In this video Dr Goyal discusses her latest research which focuses on second malignancies in mycosis fungoides including non-hodgkin lymphoma, Hodgkin lymphoma, lung cancer, bladder cancer, and melanoma.
You can also check out her unique tips and insights regarding mycosis fungoides and melanoma here.
Transcript:
Dr Goyal-O’Leary: Several actual really important takeaways from our study. What I want clinicians to come away from this knowing is that patients with mycosis fungoides are at increased risk of five specific malignancies, Hodgkin's lymphoma, non‑Hodgkin's lymphoma, lung cancer, bladder cancer, and melanoma.
Regarding the risk of Hodgkin's and non‑Hodgkin's lymphoma, we should be doing lymph node exams on every one of these patients basically at every visit, and we should be asking a full review of systems. That is probably the best way to detect Hodgkin's and non‑Hodgkin's lymphoma.
For lung cancer and bladder cancer, the thing I want people to take away is that those are both smoking‑related illnesses.

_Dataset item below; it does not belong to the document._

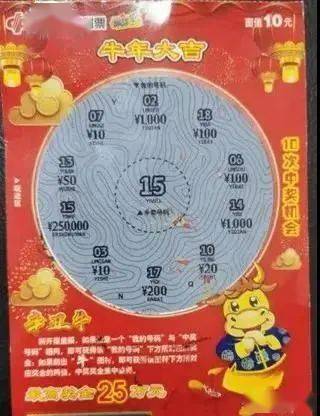 濮阳两彩民喜领辛丑牛大奖50万元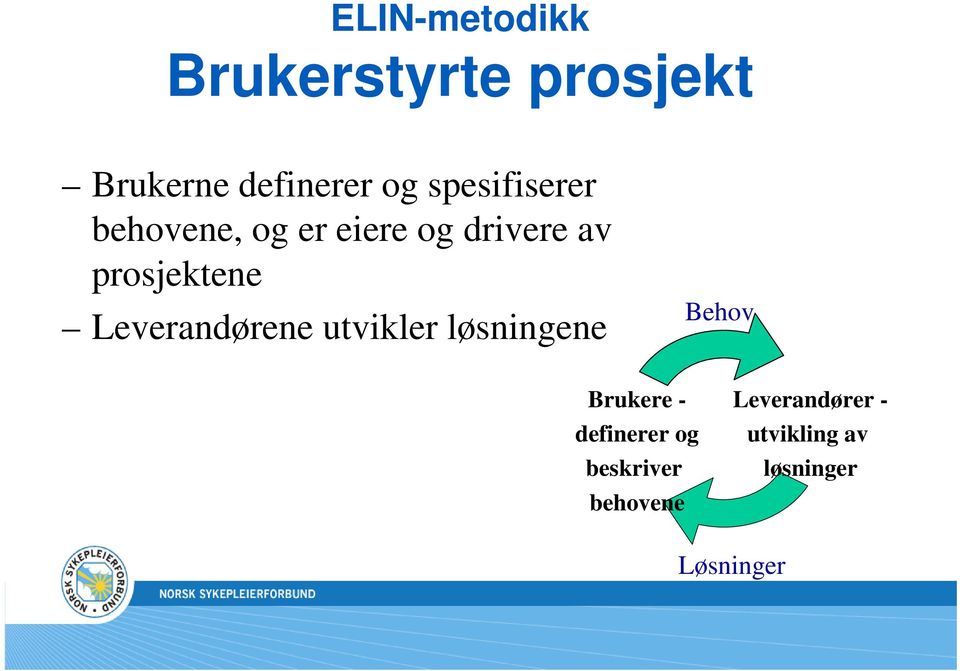 Leverandørene utvikler løsningene Behov Brukere - definerer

We actually found that a number of patients who develop lung cancer subsequently died of other smoking‑related cancers.
Really, smoking cessation is not a topic we usually discuss a lot in dermatology visits, but I think, given this connection, we are really obligated to at least address the concept of smoking cessation at every visit with patients, give them the resources, and at least connect them with other physicians that can help them with smoking cessation.

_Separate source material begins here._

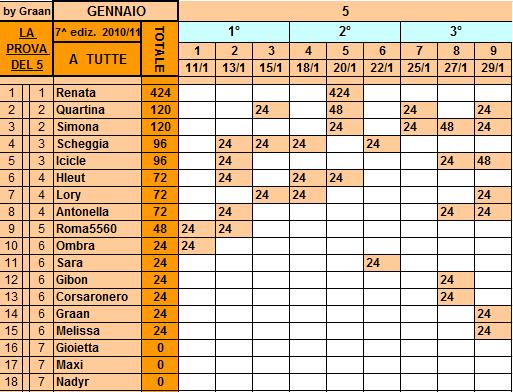 **Classifica*29/01/2011 Tutte10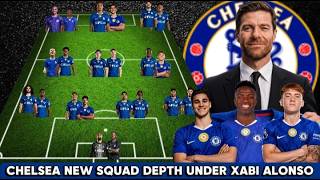 🚨 CHELSEA NEW SCARY SQUAD DEPTH UNDER XABI ALONSO 🔥 + TRANSFER TARGETS 2026 | Vini Jr, Barco & More✅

Finally, for melanoma, I just want people to take away that we need to be paying specific attention to these patients. I believe that we can hopefully make a big difference in the stage of diagnosis, and ultimately, prognosis for these patients diagnosed with melanoma.
Since about 1980, there's been increasing evidence that patients with mycosis fungoides ‑‑ which is an indolent, non‑Hodgkin's T‑cell lymphoma of the skin ‑‑ that these patients have increased risk of developing second cancers.
It was mostly clearly established that they're at increased risk of Hodgkin's and non‑Hodgkin's lymphomas, but in the last couple of years, work from our group and with other groups has found that patients are also at increased risk of lung cancer, bladder cancer, and melanoma. Today, I think we're particularly interested in talking about the melanoma risk.
What was really interesting in our study is that patients who had MF and were diagnosed with lung cancer and bladder cancer had better survival than their counterparts who only had lung cancer or bladder cancer, and not MF.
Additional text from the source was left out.